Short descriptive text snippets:
....................

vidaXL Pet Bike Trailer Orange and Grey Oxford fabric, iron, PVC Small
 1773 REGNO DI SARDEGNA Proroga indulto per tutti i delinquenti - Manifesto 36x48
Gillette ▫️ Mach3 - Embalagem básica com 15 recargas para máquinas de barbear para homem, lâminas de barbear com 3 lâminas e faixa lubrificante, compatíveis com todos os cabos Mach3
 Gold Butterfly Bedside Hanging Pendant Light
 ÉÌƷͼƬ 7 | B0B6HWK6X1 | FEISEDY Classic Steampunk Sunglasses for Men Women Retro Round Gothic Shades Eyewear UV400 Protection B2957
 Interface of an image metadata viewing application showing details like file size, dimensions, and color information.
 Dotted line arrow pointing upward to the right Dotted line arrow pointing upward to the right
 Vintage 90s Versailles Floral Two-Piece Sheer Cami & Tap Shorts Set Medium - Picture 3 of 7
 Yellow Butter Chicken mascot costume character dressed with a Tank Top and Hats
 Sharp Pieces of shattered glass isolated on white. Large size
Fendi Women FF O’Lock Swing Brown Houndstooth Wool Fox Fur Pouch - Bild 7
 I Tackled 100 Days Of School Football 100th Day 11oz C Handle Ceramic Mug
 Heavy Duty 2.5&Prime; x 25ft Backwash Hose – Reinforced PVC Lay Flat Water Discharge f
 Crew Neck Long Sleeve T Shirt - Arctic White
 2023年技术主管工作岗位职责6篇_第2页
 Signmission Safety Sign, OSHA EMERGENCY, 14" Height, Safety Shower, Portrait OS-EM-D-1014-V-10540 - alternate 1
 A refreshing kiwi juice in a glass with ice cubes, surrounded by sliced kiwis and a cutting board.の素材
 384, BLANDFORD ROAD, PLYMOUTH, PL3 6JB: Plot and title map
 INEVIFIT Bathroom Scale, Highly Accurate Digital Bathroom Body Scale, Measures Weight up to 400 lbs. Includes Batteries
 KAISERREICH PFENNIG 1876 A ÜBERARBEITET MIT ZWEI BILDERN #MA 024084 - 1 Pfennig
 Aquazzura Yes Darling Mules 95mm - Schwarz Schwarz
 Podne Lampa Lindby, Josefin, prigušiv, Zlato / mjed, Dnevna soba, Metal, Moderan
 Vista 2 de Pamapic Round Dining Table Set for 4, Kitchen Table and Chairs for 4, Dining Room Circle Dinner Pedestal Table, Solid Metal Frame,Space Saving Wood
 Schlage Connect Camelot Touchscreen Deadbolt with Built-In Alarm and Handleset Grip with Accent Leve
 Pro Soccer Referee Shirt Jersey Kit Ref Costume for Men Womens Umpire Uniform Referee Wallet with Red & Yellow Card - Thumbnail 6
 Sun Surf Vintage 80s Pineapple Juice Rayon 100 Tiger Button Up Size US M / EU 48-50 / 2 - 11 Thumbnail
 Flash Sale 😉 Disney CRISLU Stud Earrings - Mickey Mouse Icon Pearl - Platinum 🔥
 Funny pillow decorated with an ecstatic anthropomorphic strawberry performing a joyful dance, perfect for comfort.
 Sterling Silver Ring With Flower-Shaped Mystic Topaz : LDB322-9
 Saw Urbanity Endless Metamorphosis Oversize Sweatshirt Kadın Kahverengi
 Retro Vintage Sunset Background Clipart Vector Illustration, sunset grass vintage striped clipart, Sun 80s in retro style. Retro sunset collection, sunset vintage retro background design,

....................

WHAT YOU NEED TO DO:
Your reply should contain only the number of lines in the entries above with the word "Yellow".

PROBLEM SOLUTION:
2